Improved Mesh Reconstruction from 3D Gaussian Splatting

1. Summary

Our main goal is to build off of existing GS-to-mesh reconstruction algorithms and attempt to improve them by seamlessly incorporating VLM’s by selectively 3D cropping objects, the gaussians via improved volumetric GS meshing algorithms. Optionally, we want to infer color information to provide material texture to the final mesh, and utilize 3D diffusion pipelines to repair the extracted gaussian to have better volumetric meshing results. To view our results, we will also make a Windows application to rasterize the reconstructed mesh alongside the original camera frustums used to generate the GS. If time permits we will try to tie together a full pipeline for generating the GS from phone video, then extracting out desired objects, filling in holes, and finally reconstructing and rendering the mesh.

2. Problem Description

Challenge and Motivation: 3D Gaussian Splatting (3DGS) has emerged as a powerful and efficient learning-based reconstruction algorithm. However, despite its impressive rendering quality and performance, 3DGS is still far from being practical for downstream applications. Specifically, current 3DGS methods face the following key challenges:

1. Incompatibility with traditional content pipelines: Gaussian splats are not easily editable. Unlike traditional 3D assets with meshes, textures, and materials, GS representations cannot be easily lighted or edited. This severely limits their utility in production environments.
2. Object Isolation and Reusability: 3DGS methods typically reconstruct entire scenes holistically. However, in many practical use cases, creators only need specific objects from a scene. Current GS representations make it difficult to extract reusable, portable 3D objects.
3. Incomplete geometry due to limited observations: Because 3DGS relies on image inputs, it fails to reconstruct parts of the scene that are not visible during capture (e.g., the bottom of a cu). This leads to incomplete objects, further limiting their usability.

3. General Idea

To address these limitations, we propose a pipeline that selects points from a 3DGS scene based on text prompts and then transforms them into a clean, complete (textured) mesh. The proposed pipeline consists of four stages:

1. Scene reconstruction using existing 3DGS algorithm and multi-view image inputs.
2. Object segmentation via vision-language models (VLMs) to locate a target object given a text prompt, and extract its bounding region from the GS scene.
3. [Optional] 3D inpainting using a diffusion model trained for 3DGS completion, to fill in missing geometry and obtain a complete object representation.
4. Mesh reconstruction by estimating multi-view depth from the rendered views of the object. We can do the following adaptations: Since GS2Mesh [4] uses depth and occlusion estimations, they usually ignores local features of mesh surfaces (like the effect of displacement mapping); We can adapt Depth Fusion in GS2Mesh (A TSDF algorithm conditioned on predicted stereo depth) with SuGaR’s mesh constraint or IsoOctree to capture local information; Also, this method may solve the problem of reconstructed holes when encountered with reflective textures (like windows), since the point clouds themselves are continuous.
5. Visualization by rendering the output mesh in a Windows application, having an option to show the camera poses used to create the initial gaussian splat.

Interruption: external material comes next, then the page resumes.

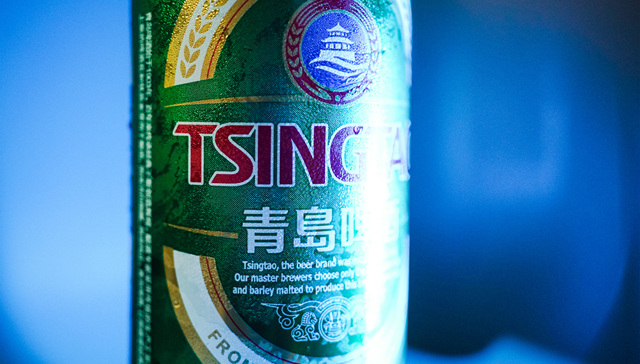 “原料厂小便事件”官方通报装卸工人被行拘，青岛啤酒：道歉、整改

In this project, we will mainly focus on the fourth part, Mesh Reconstruction. The most of engineering points will be here.

4. Goals and Deliverables

Our project can be split into two components. The first focuses on getting a clean and complete object-level 3D Gaussian Splatting representation from image inputs and a text-based object query. The second focuses on converting the 3DGS object into a usable 3D mesh. For this project, we will prioritize the second component, focusing on mesh reconstruction from 3D Gaussian representations, while aiming to extend toward the full pipeline if time permits.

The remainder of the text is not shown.